Six off Bumrah: The Statement

2024 T20 World Cup. USA jersey. He walked out against India, his India, and faced Jasprit Bumrah. Best bowler on the planet. Death bowling specialist. Harmeet swung from the hips. The ball disappeared over the rope. Six.

Later, nearly pulled off the impossible against South Africa. 38 off 22. Proper hitting. The kind India never let him try.

He has played 25 T20Is now. Economy of 6.86, tighter than a drum. Strike rate of 148 with the bat. In ODIs? 31 wickets at 3.97 an over. Average of 24. Last October: 6 for 27 against Nepal. His career best figures.

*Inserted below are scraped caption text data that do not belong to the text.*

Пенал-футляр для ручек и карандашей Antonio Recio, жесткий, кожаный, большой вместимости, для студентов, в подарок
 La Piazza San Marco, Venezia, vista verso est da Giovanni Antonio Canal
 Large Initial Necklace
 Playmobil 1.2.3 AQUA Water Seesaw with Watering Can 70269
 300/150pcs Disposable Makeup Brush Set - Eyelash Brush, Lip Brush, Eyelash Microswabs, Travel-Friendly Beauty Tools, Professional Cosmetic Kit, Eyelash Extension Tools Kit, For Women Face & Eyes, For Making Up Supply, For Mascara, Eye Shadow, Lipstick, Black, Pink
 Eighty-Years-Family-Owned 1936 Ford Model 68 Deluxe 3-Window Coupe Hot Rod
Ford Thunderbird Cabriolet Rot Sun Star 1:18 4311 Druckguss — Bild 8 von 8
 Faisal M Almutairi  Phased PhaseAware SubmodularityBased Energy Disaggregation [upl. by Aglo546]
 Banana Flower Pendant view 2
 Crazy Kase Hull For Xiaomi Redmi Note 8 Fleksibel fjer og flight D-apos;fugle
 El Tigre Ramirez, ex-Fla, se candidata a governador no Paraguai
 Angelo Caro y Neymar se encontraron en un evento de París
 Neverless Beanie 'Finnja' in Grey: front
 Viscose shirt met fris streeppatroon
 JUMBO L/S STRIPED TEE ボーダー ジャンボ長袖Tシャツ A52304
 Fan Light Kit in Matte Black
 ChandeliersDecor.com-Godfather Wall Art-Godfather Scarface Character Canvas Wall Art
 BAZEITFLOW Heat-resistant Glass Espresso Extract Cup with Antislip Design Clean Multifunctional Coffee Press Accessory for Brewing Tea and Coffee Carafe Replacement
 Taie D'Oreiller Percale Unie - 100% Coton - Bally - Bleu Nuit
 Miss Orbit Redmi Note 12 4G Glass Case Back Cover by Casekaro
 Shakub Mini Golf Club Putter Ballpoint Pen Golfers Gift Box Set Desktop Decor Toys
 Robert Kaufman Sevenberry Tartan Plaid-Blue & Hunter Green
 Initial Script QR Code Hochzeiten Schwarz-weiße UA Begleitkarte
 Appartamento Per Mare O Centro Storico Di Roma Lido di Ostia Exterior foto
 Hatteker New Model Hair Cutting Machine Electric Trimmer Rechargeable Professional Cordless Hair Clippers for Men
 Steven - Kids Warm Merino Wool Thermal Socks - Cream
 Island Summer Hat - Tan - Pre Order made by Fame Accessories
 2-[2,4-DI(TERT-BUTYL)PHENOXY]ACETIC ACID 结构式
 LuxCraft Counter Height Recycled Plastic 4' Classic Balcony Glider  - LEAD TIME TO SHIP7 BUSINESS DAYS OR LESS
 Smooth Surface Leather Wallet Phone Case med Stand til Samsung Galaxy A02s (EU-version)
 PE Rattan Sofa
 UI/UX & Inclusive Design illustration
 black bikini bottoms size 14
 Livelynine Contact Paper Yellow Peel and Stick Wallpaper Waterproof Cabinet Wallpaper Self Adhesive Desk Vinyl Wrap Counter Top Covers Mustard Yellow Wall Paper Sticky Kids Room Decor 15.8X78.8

He is 33. Peaking. Better than he ever was in India.

Coming home wearing different colours

2026. T20 World Cup in India. The irony isn’t lost on him.

He walks out in USA blue, not quite the India blue he grew up worshipping. Across the pitch, faces he knows. Dressing room brothers from 2010, 2012. World Cup winners together. Now they’re the opposition.

He runs in. That same loop, that same drift. Hardik tries to carve him over extra cover. Slices it to sweeper cover instead. Silence in the stands.

Then Axar. Crammed for room. Caught on the fence.

Two massive wickets. Two guys who sailed through the system that dumped Harmeet like last week’s garbage.

4 overs. 26 runs.2 wickets. Against the best batting lineup on earth, in their own backyard.

Refusing to disappear

Here’s the thing about Harmeet’s story, it’s not really a comeback. It’s a refusal. A stubborn, bone-headed refusal to disappear when every signal said fade away.

He didn’t need India’s validation. Just needed someone, anyone, to say yes to what he could still do. He found it in a place that didn’t care about his past, only his next over.

That loopy delivery is still there. The still head under pressure. The heart’s bigger now, it had to be, to carry all those miles, all those years, all that weight.

In Mumbai, old heads still talk about the kid who bowled like Bedi. In America, new fans talk about the guy who gave them respect. Harmeet belongs to both places. Belongs to neither.

Finally just belongs to the game itself.

The ball’s in his left hand. World Cup in his home country. Odds still stacked high, they’ve always been stacked high.

He starts his run-up. Arm comes over smooth. The ball drifts, dips, spins past the bat. The crowd makes noise.

Harmeet Singh is home. And he’s finally, completely, alive.